Comptroller report: NYC paid out millions over playground injuries
Brooklyn playgrounds rack up most claims; A number of sites already fixed, however
More families than ever before are suing the city over injuries their kids sustained in city playgrounds, according to New York City Comptroller Scott Stringer.
Claims have risen 53 percent over the last ten years, Stringer said in his “ClaimStat Alert” released on Sunday. The city has paid out a total of $20,644,448 over those years.
Brooklyn had by far the most claims – 209 — filed during the study period of 2005 to 2014. In Manhattan, there were 123 claims filed during the same period. The Bronx and Queens both had 111 claims filed, while Staten Island recorded 23.
In Brooklyn, Stroud Playground in Prospect Heights and Slope Park Playground in the South Slope had the most problems, according to the report, with six claims each filed during the study period.
These included a hole in the ground, surface cracks, improper maintenance and unsafe climbing equipment (at Stroud), and improper maintenance and a dangerous swing (at Slope Park).
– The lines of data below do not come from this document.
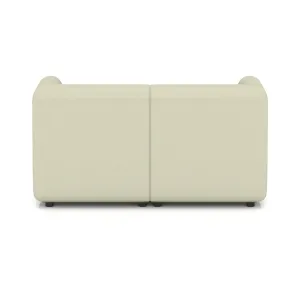 Mawsley Two or Three Seater Modular Office Sofa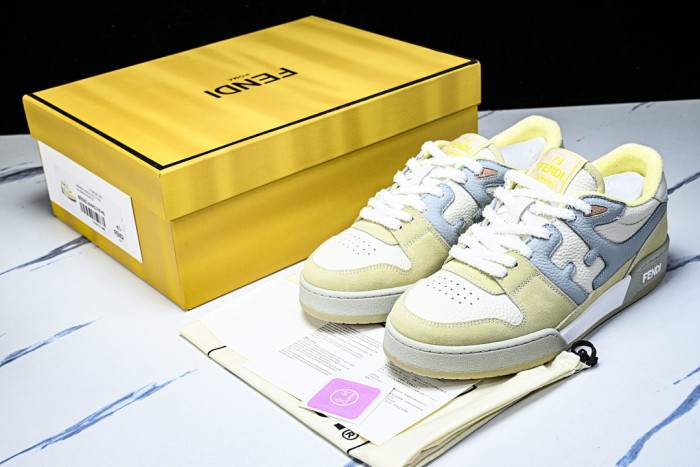FEN SNEAKERS FEN-17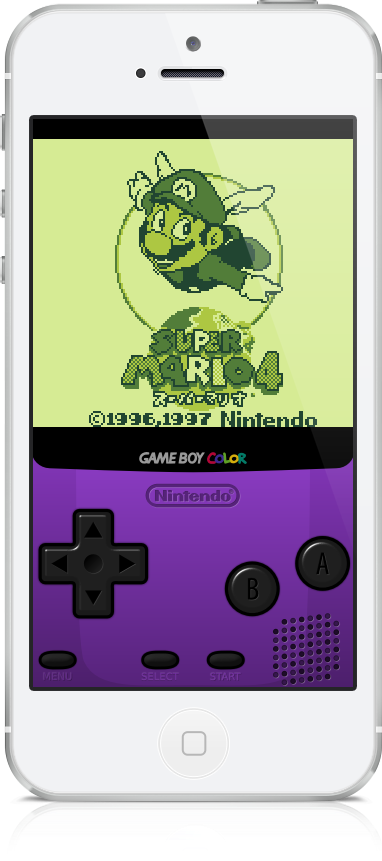 GBA4iOS: Ένας ακόμη εξομοιωτής GBA ακόμη καλύτερος από τον προηγούμενο - Φωτογραφία 6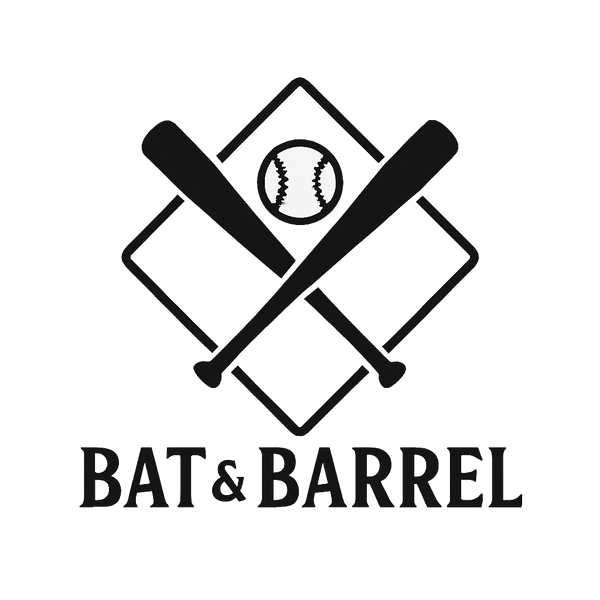 Bat and Barrel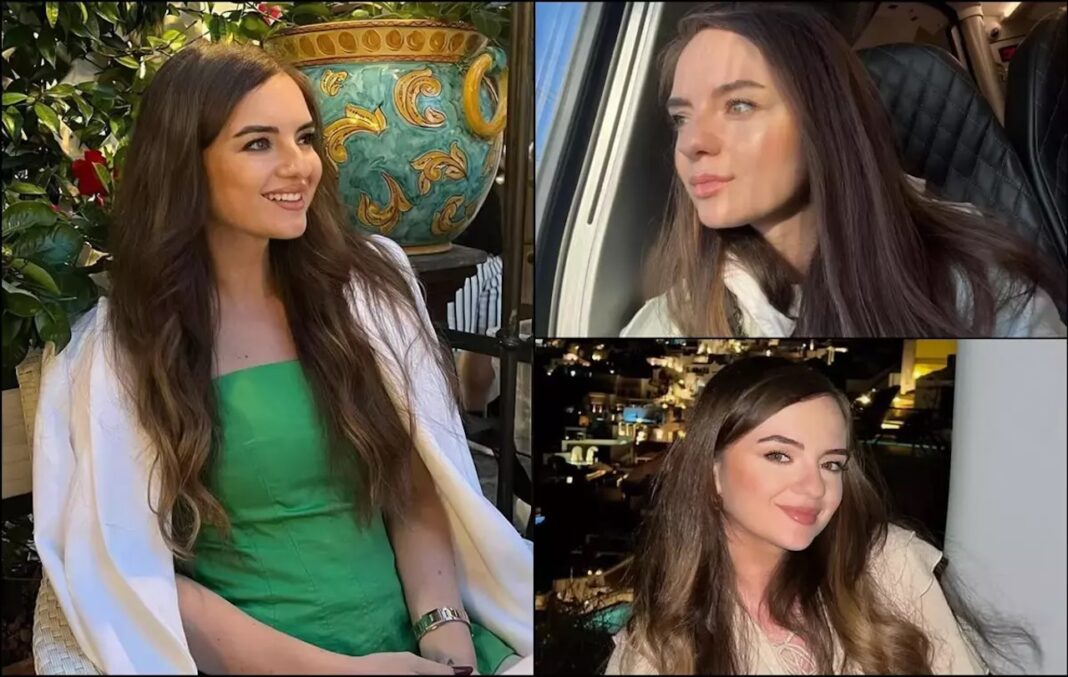 Miruna luptă pentru viață. Are nevoie de bani pentru tratament în Germania:”E ultima mea şansă să trăiesc”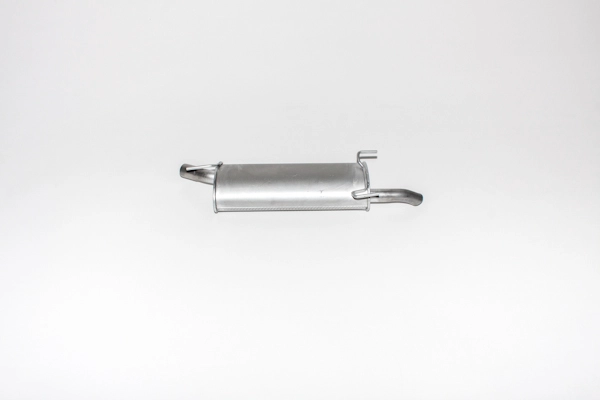 Rear Muffler (17.763)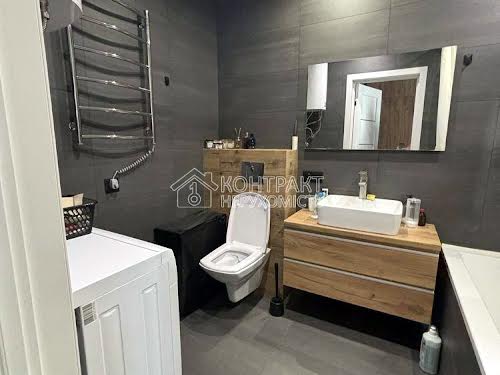 квартира за адресою Харків, Драгоманова вул., 6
The city paid out thousands for injuries from the poorly installed swing in Slope Park. The swing has since been removed.
Ten Brooklyn playgrounds, including Sunset Park Playground, Kolbert Park, Lincoln Terrace Park, Owls Head Playground and Bensonhurst Park racked up five claims each.
Many playgrounds were hit with one or two claims. These include the Main Street Park in Brooklyn Bridge Park (for a problem with the equipment); Pierrepont Playground in Brooklyn Heights (defective matting); Carroll Park (playground equipment); and the playground next to the Brooklyn Botanical Garden (playground equipment).
Some of the playgrounds have already been fixed
A number of the playgrounds cited in the report have already been redesigned or are being redesigned, however, and trouble spots – such as spinning disk rides — have been fixed or removed.
Stroud Playground, for example, is slated to receive $5.1 million through Mayor Bill de Blasio’s Community Parks Initiative (CPI), which invests in under-funded parks. (Other Brooklyn parks set to receive CPI funds include Jesse Owens Playground, Saratoga Ballfields, Stockton Playground, Ten Eyck Playground and Thomas Boyland Park.)
Renovations at a number of the other playgrounds mentioned in Stringer’s report are underway or in the planning stages: Sunset Playground has been funded for a $2.9 million makeover; Kolbert Playground has been funded for a $2.4 million renovation. Slope Park playground renovations were completed in 2013 with a budget of $1.9 million. Phase 2 of a major renovation ($5.4 million) of Gravesend Playground in Borough Park will begin in 2015.
The Parks Department said in a statement that they are reviewing the Comptroller’s report. “The safety of our children is our number one priority for our world-class playgrounds, and we continue to look for ways to improve our already high standards of safe design.”
Parks added, “NYC Parks has a strong record of working proactively to identify and address playground safety issues with initiatives including best-in-class National Playground Safety Inspector Course training for our playground inspectors, the development of a Play Equipment Program to establish best practices across parks, and the establishment of a playgrounds oversight group that works directly with play equipment manufacturers to improve design.”
According to the Parks Department, all five borough operation teams have in place Daily Immediate Attention (IA) Systems that monitor the parks, along with other quality control measures.